A Powerful
Search Tool for ASCII Files
Koos Pol
Sometimes the main UNIX principle of combining small tools to
accomplish complex tasks just isn't enough. There are times
that you just need more. A striking example is the task of searching
through ASCII files. This can be any sort of file: C programs, error
logs, HTML files, etc. If you need to find a specific string, it
is usually sufficient to grep through the file and view the
results. Combined with find, you can get a long way. For
example, if you need to dig through your HTML files and find the
ones that have obsolete links to your old department, you may want
to run something like:
find /usr/local/web -name "*.html" -print |
while read F; do echo "**** $F";
grep http://intranet.mycompany.com/olddepartment $F; done
If your queries get a bit more complicated, you may still get by using
egrep instead of grep, but you will run out of steam
very soon.
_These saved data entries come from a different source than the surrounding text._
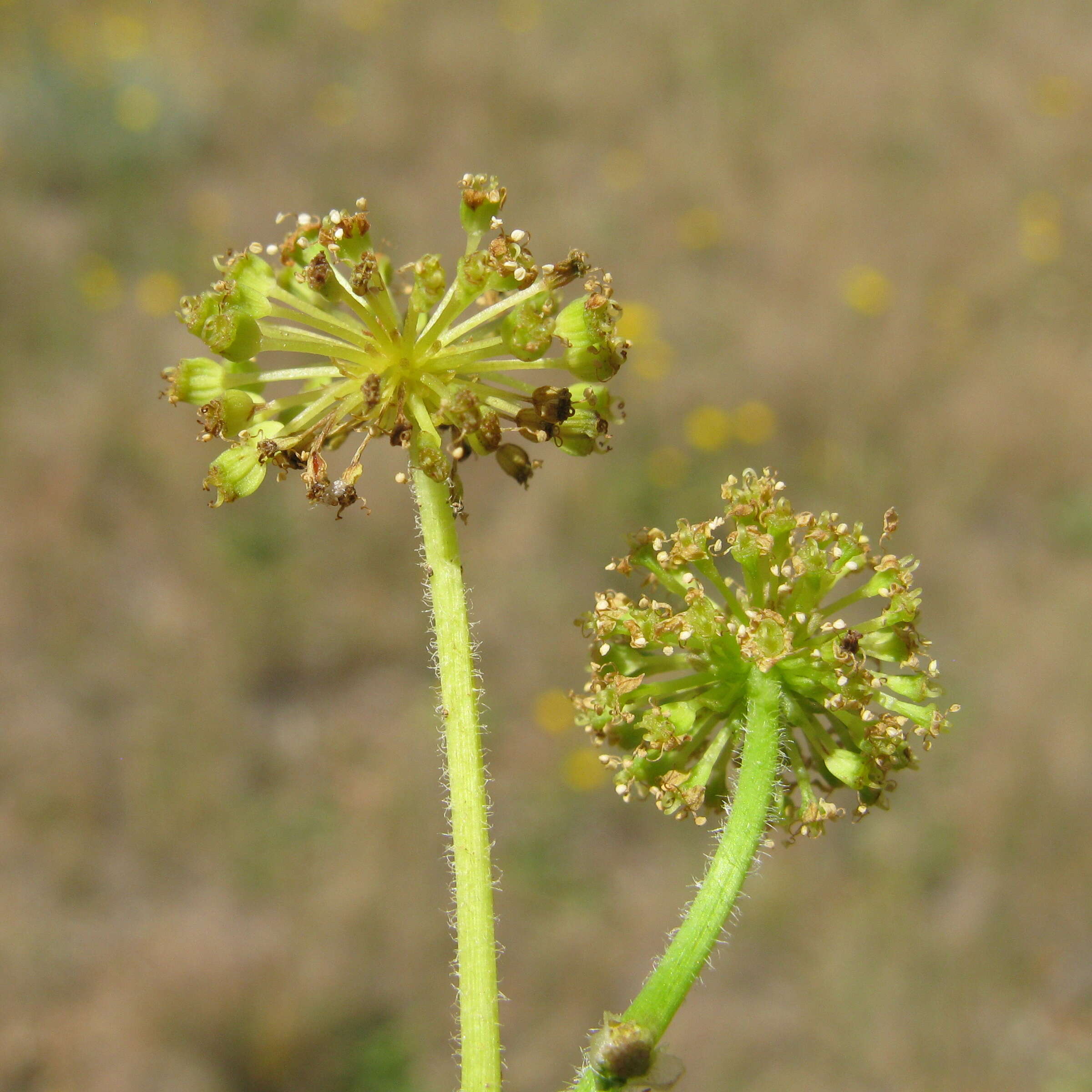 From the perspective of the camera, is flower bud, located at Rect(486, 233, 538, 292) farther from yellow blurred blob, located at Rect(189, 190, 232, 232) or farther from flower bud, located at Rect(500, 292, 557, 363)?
yellow blurred blob, located at Rect(189, 190, 232, 232)

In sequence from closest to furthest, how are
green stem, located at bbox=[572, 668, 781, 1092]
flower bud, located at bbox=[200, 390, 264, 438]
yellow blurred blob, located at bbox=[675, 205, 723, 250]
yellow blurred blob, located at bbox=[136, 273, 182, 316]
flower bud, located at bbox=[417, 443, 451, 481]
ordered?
green stem, located at bbox=[572, 668, 781, 1092], flower bud, located at bbox=[417, 443, 451, 481], flower bud, located at bbox=[200, 390, 264, 438], yellow blurred blob, located at bbox=[136, 273, 182, 316], yellow blurred blob, located at bbox=[675, 205, 723, 250]

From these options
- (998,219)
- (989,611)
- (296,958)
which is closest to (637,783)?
(296,958)

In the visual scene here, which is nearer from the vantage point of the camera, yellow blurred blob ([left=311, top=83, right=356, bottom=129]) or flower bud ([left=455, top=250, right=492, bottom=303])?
flower bud ([left=455, top=250, right=492, bottom=303])

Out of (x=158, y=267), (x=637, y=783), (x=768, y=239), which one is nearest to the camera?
(x=637, y=783)

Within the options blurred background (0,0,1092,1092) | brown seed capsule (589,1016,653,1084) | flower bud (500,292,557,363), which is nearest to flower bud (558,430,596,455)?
flower bud (500,292,557,363)

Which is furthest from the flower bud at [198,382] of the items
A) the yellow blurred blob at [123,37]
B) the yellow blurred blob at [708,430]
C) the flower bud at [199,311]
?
the yellow blurred blob at [123,37]

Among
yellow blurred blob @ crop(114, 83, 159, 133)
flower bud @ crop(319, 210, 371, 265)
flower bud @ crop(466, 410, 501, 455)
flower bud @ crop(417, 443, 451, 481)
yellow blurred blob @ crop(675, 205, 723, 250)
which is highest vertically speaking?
yellow blurred blob @ crop(114, 83, 159, 133)

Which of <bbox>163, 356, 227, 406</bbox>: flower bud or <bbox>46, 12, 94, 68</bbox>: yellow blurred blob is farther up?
<bbox>46, 12, 94, 68</bbox>: yellow blurred blob

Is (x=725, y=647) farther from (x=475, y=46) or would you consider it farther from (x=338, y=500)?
(x=475, y=46) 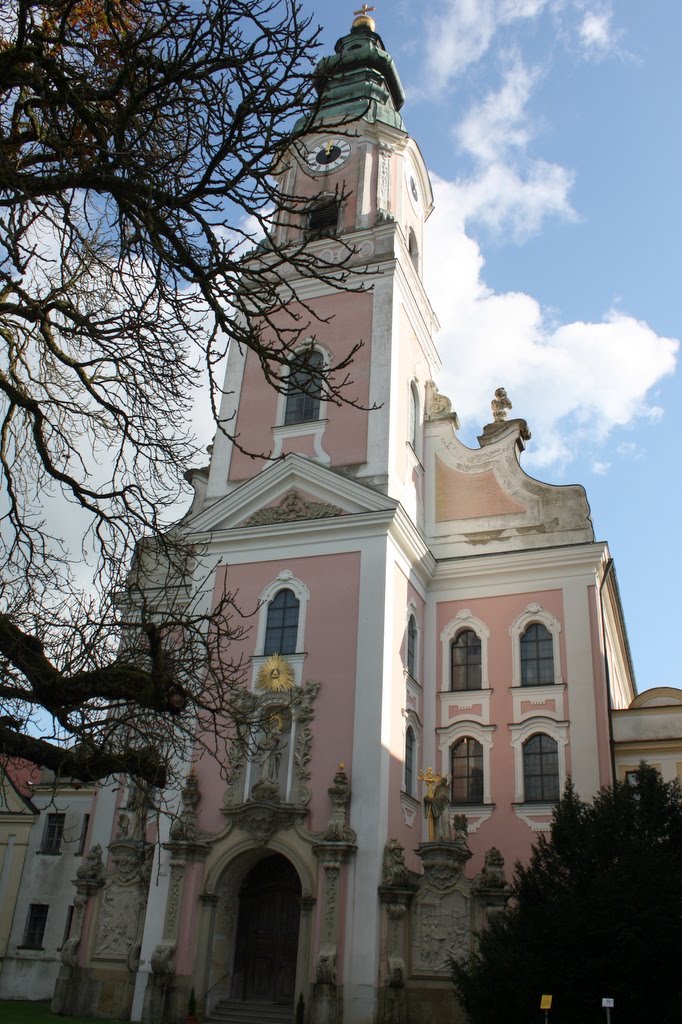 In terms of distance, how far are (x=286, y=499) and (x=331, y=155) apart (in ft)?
35.7

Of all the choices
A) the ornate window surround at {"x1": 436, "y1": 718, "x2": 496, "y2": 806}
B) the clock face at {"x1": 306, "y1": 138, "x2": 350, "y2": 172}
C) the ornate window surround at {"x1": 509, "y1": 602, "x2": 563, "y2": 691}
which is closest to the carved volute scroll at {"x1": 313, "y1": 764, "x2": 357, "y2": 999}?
the ornate window surround at {"x1": 436, "y1": 718, "x2": 496, "y2": 806}

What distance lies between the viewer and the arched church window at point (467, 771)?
19.8 meters

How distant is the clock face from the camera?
86.6 feet

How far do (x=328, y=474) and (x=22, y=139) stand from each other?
14214 millimetres

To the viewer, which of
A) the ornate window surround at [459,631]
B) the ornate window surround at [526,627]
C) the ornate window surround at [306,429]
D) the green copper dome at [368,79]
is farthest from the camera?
the green copper dome at [368,79]

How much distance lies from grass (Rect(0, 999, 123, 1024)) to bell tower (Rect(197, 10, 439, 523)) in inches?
425

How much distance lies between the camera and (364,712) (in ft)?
60.4

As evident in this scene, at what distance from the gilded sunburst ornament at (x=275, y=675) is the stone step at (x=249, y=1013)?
220 inches

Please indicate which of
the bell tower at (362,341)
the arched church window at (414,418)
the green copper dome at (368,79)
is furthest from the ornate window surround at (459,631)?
the green copper dome at (368,79)

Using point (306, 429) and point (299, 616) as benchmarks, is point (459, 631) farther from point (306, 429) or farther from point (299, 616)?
point (306, 429)

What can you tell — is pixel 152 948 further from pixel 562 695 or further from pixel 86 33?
pixel 86 33

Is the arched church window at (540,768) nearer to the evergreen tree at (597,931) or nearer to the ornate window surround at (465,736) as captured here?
the ornate window surround at (465,736)

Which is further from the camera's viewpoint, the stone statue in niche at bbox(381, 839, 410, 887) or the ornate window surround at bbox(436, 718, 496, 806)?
the ornate window surround at bbox(436, 718, 496, 806)

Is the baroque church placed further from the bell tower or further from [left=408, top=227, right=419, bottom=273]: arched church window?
[left=408, top=227, right=419, bottom=273]: arched church window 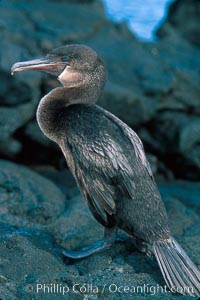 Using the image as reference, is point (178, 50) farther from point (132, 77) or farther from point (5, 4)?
point (5, 4)

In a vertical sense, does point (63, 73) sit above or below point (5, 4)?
above

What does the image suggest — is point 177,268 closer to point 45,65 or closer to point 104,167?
point 104,167

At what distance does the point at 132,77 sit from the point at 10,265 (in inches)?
125

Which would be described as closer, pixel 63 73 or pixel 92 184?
pixel 92 184

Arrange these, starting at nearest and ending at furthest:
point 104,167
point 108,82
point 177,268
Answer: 1. point 177,268
2. point 104,167
3. point 108,82

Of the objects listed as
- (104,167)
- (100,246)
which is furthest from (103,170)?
(100,246)

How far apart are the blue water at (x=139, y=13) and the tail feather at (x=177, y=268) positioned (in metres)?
6.35

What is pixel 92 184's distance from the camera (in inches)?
137

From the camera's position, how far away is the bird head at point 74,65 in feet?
12.2

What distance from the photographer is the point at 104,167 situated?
3.44m

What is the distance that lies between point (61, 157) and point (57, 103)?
2098mm

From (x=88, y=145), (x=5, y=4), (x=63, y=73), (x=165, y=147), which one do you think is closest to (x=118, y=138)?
(x=88, y=145)

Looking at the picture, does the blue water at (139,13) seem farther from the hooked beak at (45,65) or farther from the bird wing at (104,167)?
the bird wing at (104,167)

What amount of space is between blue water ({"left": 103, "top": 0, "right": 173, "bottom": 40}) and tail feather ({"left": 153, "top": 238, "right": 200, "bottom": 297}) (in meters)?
6.35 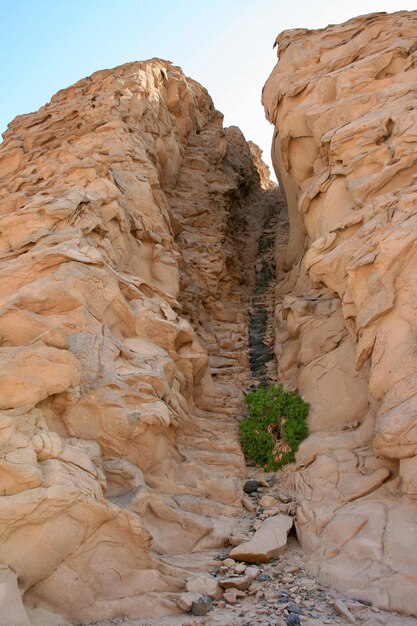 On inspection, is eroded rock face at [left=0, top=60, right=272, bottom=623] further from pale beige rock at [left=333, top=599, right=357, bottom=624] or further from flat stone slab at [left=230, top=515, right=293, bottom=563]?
pale beige rock at [left=333, top=599, right=357, bottom=624]

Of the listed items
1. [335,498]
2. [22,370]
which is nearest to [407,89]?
[335,498]

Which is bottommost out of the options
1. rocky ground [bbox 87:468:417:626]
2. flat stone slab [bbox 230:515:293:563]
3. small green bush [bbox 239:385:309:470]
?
rocky ground [bbox 87:468:417:626]

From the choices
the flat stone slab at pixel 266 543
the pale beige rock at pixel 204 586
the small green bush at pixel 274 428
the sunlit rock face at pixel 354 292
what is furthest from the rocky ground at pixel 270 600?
the small green bush at pixel 274 428

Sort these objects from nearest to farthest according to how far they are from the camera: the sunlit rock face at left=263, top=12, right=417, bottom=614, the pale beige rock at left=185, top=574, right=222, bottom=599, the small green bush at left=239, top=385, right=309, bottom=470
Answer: the pale beige rock at left=185, top=574, right=222, bottom=599, the sunlit rock face at left=263, top=12, right=417, bottom=614, the small green bush at left=239, top=385, right=309, bottom=470

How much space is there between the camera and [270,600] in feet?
26.1

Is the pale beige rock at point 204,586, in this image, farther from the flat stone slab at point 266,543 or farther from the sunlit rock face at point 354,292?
the sunlit rock face at point 354,292

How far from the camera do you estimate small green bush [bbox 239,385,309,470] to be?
1269cm

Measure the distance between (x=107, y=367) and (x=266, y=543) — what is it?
4656 millimetres

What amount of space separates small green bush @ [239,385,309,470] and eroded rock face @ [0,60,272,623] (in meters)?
0.52

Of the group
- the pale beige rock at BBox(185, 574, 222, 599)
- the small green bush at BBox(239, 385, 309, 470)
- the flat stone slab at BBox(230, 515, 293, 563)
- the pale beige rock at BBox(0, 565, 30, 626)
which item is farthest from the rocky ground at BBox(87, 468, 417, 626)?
the small green bush at BBox(239, 385, 309, 470)

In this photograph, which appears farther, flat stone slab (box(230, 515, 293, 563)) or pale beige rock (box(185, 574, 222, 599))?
flat stone slab (box(230, 515, 293, 563))

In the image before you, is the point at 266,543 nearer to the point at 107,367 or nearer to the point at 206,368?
the point at 107,367

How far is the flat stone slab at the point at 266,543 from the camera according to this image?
9.14 metres

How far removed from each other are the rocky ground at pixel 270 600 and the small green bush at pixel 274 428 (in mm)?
2858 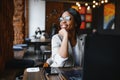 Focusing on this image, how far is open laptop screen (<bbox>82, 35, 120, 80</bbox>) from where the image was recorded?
43.8 inches

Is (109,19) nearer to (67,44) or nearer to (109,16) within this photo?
(109,16)

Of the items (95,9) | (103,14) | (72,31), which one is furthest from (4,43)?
(95,9)

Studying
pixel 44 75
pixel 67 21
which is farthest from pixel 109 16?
pixel 44 75

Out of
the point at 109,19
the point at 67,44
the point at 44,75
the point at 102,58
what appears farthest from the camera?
the point at 109,19

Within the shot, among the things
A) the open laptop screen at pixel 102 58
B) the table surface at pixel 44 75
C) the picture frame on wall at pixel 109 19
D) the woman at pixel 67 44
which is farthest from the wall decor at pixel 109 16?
the open laptop screen at pixel 102 58

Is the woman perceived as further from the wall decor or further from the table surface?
the wall decor

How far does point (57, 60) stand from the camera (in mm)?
2291

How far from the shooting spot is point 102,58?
1.14 meters

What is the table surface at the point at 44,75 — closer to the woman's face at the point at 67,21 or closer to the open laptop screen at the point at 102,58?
the woman's face at the point at 67,21

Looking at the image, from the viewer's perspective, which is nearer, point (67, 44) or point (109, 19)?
point (67, 44)

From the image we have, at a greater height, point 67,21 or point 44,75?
point 67,21

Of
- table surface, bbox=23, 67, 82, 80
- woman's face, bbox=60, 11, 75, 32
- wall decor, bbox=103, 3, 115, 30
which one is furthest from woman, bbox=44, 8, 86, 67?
wall decor, bbox=103, 3, 115, 30

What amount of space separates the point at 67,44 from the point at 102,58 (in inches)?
45.5

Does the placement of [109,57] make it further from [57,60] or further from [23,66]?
[23,66] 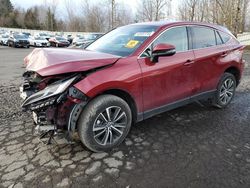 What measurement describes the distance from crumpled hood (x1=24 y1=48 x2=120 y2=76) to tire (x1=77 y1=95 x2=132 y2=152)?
43cm

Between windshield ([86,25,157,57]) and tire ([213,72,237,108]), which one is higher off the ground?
windshield ([86,25,157,57])

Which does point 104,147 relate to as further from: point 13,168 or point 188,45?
point 188,45

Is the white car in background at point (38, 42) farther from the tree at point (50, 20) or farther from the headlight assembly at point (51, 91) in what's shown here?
the tree at point (50, 20)

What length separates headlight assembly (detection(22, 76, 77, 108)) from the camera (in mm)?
2725

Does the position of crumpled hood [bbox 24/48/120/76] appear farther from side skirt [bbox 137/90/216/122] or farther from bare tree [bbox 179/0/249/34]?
bare tree [bbox 179/0/249/34]

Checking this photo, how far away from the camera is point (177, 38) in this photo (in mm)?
3826

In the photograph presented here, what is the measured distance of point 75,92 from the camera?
9.07 ft

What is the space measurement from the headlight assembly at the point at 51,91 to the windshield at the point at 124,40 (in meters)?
0.95

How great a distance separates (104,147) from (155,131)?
102 cm

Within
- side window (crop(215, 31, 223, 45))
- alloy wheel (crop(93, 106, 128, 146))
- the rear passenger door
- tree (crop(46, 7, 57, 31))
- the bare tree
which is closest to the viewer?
alloy wheel (crop(93, 106, 128, 146))

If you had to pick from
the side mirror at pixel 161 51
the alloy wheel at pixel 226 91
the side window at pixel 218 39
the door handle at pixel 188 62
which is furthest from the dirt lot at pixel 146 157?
the side window at pixel 218 39

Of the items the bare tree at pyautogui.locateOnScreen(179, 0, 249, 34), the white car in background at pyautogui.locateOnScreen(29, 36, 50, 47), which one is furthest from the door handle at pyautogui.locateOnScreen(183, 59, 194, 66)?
the white car in background at pyautogui.locateOnScreen(29, 36, 50, 47)

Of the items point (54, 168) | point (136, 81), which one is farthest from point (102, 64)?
point (54, 168)

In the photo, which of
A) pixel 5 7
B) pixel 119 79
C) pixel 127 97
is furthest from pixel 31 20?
pixel 119 79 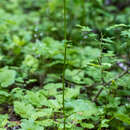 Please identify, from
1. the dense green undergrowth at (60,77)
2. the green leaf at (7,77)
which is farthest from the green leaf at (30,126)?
the green leaf at (7,77)

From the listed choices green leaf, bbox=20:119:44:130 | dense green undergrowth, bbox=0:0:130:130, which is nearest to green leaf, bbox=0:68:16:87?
dense green undergrowth, bbox=0:0:130:130

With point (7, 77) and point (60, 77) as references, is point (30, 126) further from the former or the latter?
point (60, 77)

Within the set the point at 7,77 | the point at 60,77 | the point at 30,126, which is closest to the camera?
the point at 30,126

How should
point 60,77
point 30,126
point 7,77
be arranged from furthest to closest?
1. point 60,77
2. point 7,77
3. point 30,126

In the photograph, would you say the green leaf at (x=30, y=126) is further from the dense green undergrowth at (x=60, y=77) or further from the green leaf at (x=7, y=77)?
the green leaf at (x=7, y=77)

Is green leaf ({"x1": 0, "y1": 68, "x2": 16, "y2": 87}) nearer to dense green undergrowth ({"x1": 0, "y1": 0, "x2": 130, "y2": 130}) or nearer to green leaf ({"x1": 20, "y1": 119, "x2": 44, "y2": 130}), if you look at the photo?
dense green undergrowth ({"x1": 0, "y1": 0, "x2": 130, "y2": 130})

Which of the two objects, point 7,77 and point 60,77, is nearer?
point 7,77

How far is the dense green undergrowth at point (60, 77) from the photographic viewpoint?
1.49 metres

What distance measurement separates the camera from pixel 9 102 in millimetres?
1828

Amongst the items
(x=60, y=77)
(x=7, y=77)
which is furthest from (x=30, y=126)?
(x=60, y=77)

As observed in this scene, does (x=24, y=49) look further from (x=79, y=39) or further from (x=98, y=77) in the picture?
(x=98, y=77)

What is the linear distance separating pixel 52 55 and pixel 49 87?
0.64 m

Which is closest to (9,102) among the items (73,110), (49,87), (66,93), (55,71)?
(49,87)

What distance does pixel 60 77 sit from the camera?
90.3 inches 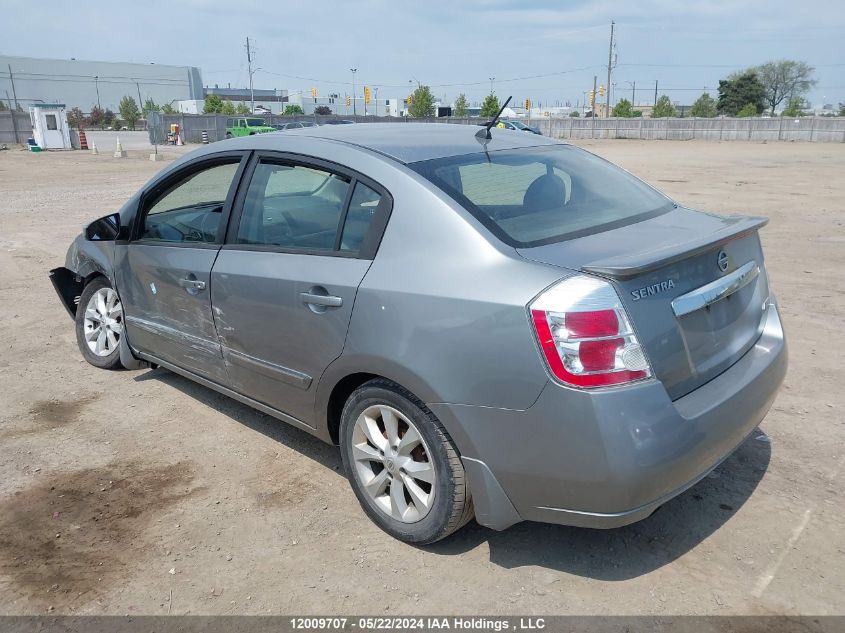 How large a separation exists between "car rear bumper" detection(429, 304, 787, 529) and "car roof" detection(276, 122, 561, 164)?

Besides that, you really don't want to learn all the
egrep options if they can be different on any operating system.
So what's the alternative? This is a perfect challenge for Perl
regular expressions: they can be extremely powerful and are the same
for all UNIXes that run Perl. So, what if we could rewrite the monster
above in something more attractive, such as:
find.pl http://intranet.mycompany.com/olddepartment "/usr/local/web/*.html"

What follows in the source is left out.